Ref: Prof. Vershynin’s handwritten notes
Lec-1:
Consider the problem of numerically computing the integral of an ${ f : [0,1] ^d \to \mathbb{R} }.$
Breaking ${ [0,1] ^d }$ into (axis aligned) cubes of width ${ \epsilon },$ there are about ${ N \approx (\frac{1}{\epsilon}) ^{d} }$ many such smaller cubes.
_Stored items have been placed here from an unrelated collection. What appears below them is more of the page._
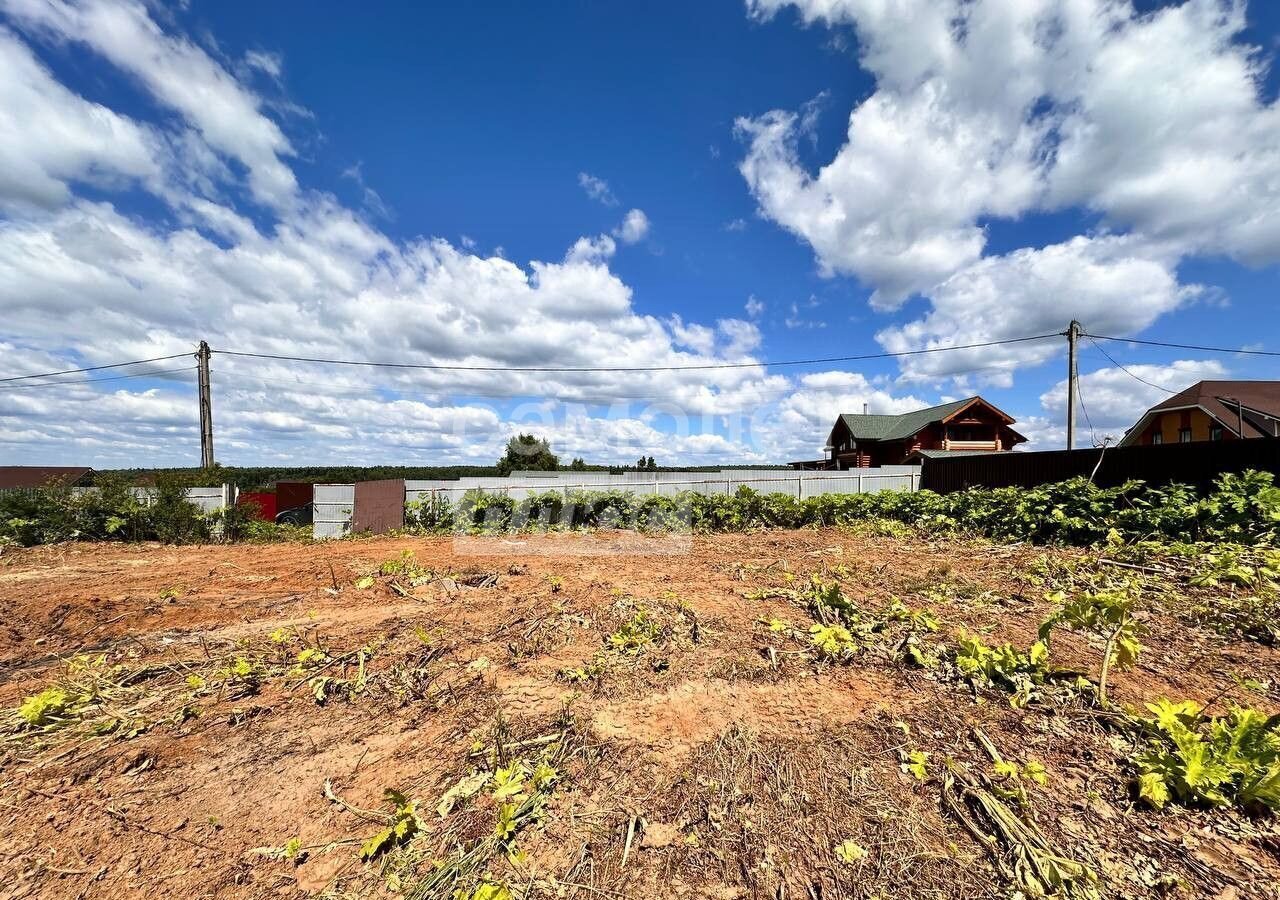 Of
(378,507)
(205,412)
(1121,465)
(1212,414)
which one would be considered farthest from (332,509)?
(1212,414)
Now the integral ${ \int _{[0,1] ^d} f(x) dx \approx \frac{1}{N} \sum _{1} ^{N} f(x _i) }$ where the ${ N }$ many ${ x _i }$s are each points from the ${ N }$ smaller cubes.
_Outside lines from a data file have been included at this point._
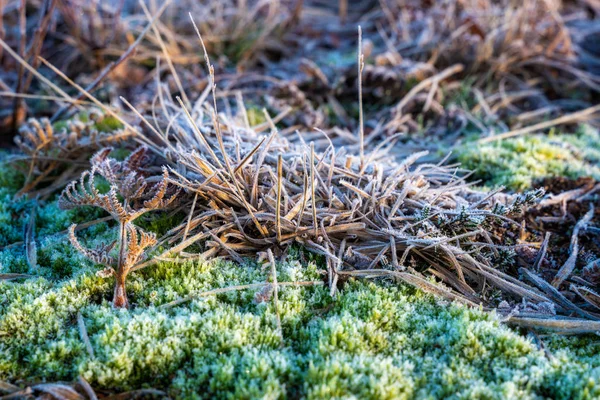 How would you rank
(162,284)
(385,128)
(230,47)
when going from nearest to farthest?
(162,284) < (385,128) < (230,47)

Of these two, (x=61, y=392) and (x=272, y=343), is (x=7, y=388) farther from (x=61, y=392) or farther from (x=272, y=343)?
(x=272, y=343)

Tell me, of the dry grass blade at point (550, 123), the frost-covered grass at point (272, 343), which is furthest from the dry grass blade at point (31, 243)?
the dry grass blade at point (550, 123)

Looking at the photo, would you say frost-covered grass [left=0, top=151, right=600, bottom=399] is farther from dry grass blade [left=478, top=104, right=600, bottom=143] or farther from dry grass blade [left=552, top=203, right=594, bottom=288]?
dry grass blade [left=478, top=104, right=600, bottom=143]

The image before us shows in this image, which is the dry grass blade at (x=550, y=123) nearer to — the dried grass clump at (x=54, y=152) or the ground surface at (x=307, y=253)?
the ground surface at (x=307, y=253)

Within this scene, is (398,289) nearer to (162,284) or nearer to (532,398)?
(532,398)

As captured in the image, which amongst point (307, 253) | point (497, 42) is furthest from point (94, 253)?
point (497, 42)

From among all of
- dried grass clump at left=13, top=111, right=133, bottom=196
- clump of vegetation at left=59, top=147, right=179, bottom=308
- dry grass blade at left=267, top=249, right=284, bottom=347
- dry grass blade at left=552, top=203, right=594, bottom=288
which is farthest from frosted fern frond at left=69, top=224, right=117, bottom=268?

In the Monte-Carlo method, instead of having ${ x _i }$s taken from the smaller cubes, they are considered as random variables ${ X _1, \ldots, X _N \stackrel{iid}{\sim} \text{Unif}[0,1] ^d }$ and the random variable ${ \frac{1}{N} \sum _{1} ^{N} f(X _i) }$ approximates (i.e. is an estimator of) ${ \int _{[0,1] ^d} f (x) dx }.$
Notice expectation ${ \mathbb{E}[\frac{1}{N} \sum _{1} ^{N} f (X _i)] }$ ${ = \mathbb{E}[f(X)] = \int _{[0,1] ^d} f(x) dx }$ where ${ X \sim \text{Unif}[0,1] ^{d} }.$ Also, the mean squared error ${ \mathbb{E}[ \left( \frac{1}{N} \sum _{1} ^{N} f(X _i) - \int _{[0,1] ^d} f(x) dx \right) ^2] }$ ${ = \text{var} \left( \frac{1}{N} \sum _{1} ^{N} f (X _i) \right) }$ ${ = \frac{1}{N ^2} \text{var}(\sum _{1} ^{N} f (X _i) ) }$ ${ = \frac{1}{N} \text{var}(f(X)) },$ which is ${ \leq \frac{1}{N} \int f ^{2} (x) dx }$ ${ \leq \frac{1}{N} \lVert f \rVert _{\infty} ^{2} }.$ So standard deviation (root of mean squared error) of the estimator is ${ O(\frac{1}{\sqrt{N}}) }.$
Lec-2:
A set ${ T \subseteq \mathbb{R} ^d }$ is convex if for all ${ x, y \in T }$ the segment ${ [x,y] = \lbrace x + t(y-x) : t \in [0,1] \rbrace \subseteq T }.$
Intersection of any family of convex sets is convex. For ${ T \subseteq \mathbb{R} ^d }$ its convex hull is ${ \text{conv}(T) = \cap \lbrace \text{convex sets containing } T \rbrace }$ (the smallest convex set containing ${ T }$).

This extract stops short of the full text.